# Preparation needed for FE



## mkp520 (Jul 19, 2007)

Hi All,

I am just curious, might be boost up those already preparing, how long would it generally take to prepare for FE??

I completely understand that it depends on individual caliber but if we see replies from 10 different people, we can easily estimate average time it would take for a fellow of average caliber. I m just looking at that. Please post, how long it took for you.

Regds,

Pa1


----------



## GTE_Admin (Jul 20, 2007)

It really depends upon a couple of things: 1. How long you have been out of school 2. If you are working, how comprehensive is your current job responsibilities directly correlating to FE topics, and 3. of course, how much time you spend everyday. I was fortunate in the sense, I took FE while I was still doing my Master's. But the most important thing which really helped me is I was tutoring a lot of undergraduate courses in my university. I took a refresher course offered (free) from my university. Still I will say, I spent 2-3 months, at least part time, I had nothing better to do anyway, plus I enjoyed it.

I passed in the first attempt with a score of 91 (from Ohio in April 2001). That motivated me to go to teaching career. On one fine day, I gathered all material from my tutoring and teaching. Made a site, gave a nice company name. GTE Services. The math stuff is still free. Please have a review and post your opinion if possible.

Thanks,

GTE_Admin

General Training and Educational (GTE) Services

www.GTEservices.com


----------



## FutureCSE (Jul 20, 2007)

I estimate that I spent the following times preparing for the FE (passed in April 07):

general study: average of 1 hour/day for 100 days = 100 hours

sample test 1: 4 hours

sample test 2: 8 hours

sample test 3: 8 hours

resource search/browsing test forums: 10 hours

total: 130 hours

I took the industrial specific exam -- this meant I had to spend a lot more time reviewing that material in addition to the generic engineering stuff :smileyballs: . If I had taken the general in the afternoon, I might have been able to cut down on some of the study time.


----------



## Natee (Aug 8, 2007)

I just passed it in Apr 2007. This is my second time taking it, I started studying after I got the results of the first try, which was about 10 weeks. I studied 2 hours every week night and 8 hours on the weekends, with some days off of course. I basically followed the Linburg FE Review book schedule.


----------



## VA_Env_Engr (Aug 8, 2007)

I passed the FE exam in 2004. As I recall, I studied for about 12 weeks, 1-2 hours on weekdays and 8-10 hours on the weekends. I took the General exam, so the prep time for subject-specific exam may vary.


----------



## roadwreck (Aug 8, 2007)

I think what GTE said rings true, it will depend heavily on your situation. I took the FE while I was finishing up my undergrad, I didn't study anything until the week before the exam and I only studied the general topics (AM subjects) and went to the few general review courses that were offered free by the university. I didn't study any of the industry specific topics (even though I took the industry specific afternoon portion) b/c I was still in school and so most subject were still fresh in my mind. If it has been several years since you have dealt with some of these subjects you are going to have to take more time to refresh your memory.


----------



## Ona (Aug 10, 2007)

Both my husband and I took the FE exam in Apr 07 and passed. Our situation is that we are both out of school for 10+ yrs (ChemE and Civil E). We have never had "true" engineering jobs/titles. I worked for an environmental software company and my husband was an inspector for pre-cast concrete.
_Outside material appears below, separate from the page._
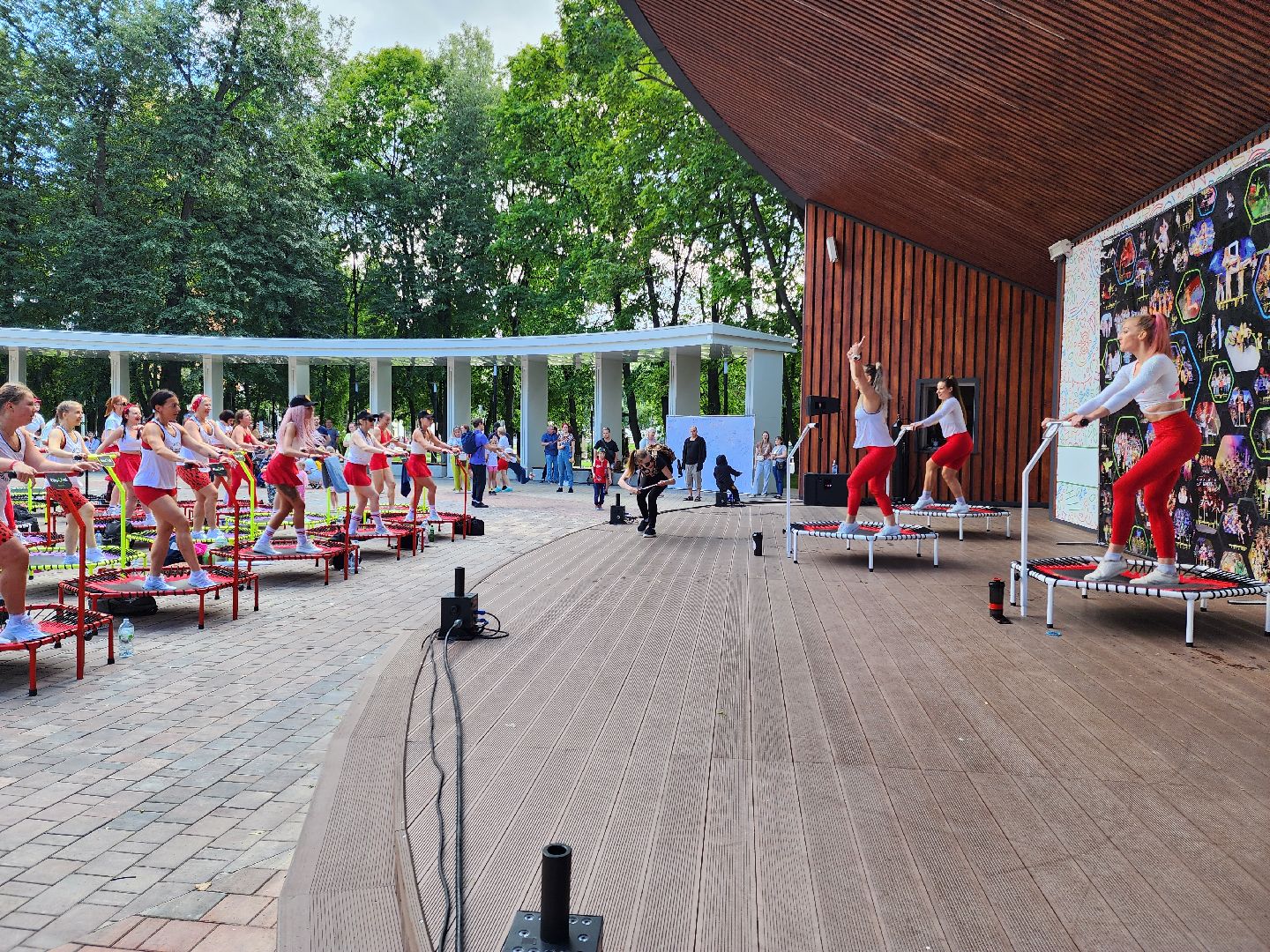 Подольск, фестиваль, джампинг-фитнес, спорт, парк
We signed up for a review course which began on January 3rd and met every week for 3 hrs.

We used the FERM book and only studied the general.
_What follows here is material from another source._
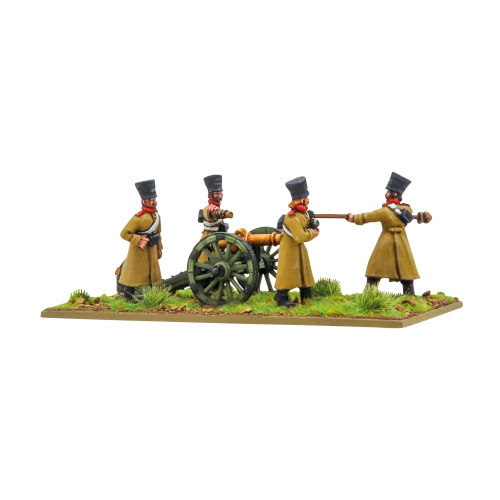 Crimean War Cossack artillery and crew - 303013840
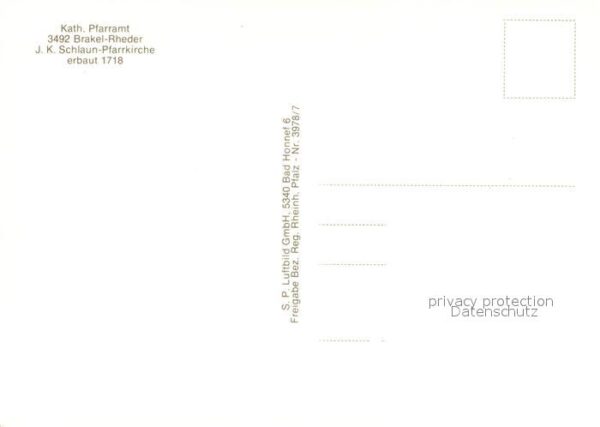 Rheder Nethe Schlaun Pfarrkirche Fliegeraufnahme – Bild 2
We started studying on our own 6 weeks before the exam (I felt that this was too late)

We studied 3 days per week for 3-4 hrs and on the weekends for 6 hrs.

The week before the exam we did cram a bit (I believe every night).

We did almost every sample problem in the FERM chapters and did the sample exam problems as we went along. We never did sit for a full practice exam.

I am not saying that this is the best way, but it worked for us.

GOOD LUCK TO ALL WHO ARE TAKING IT!!!


----------



## FusionWhite (Aug 14, 2007)

I will say I was a VERY VERY VERY mediocre student in college. The FE had me completely freaked out. I took it one and half years after I got out of school. I purchased my study materials a year before I took the exam and studied here and there for many months. With about 4 months to go I started hitting the material hard. 4 or 5 days a week working practice problems. Work those problems and then study the methods used to get them.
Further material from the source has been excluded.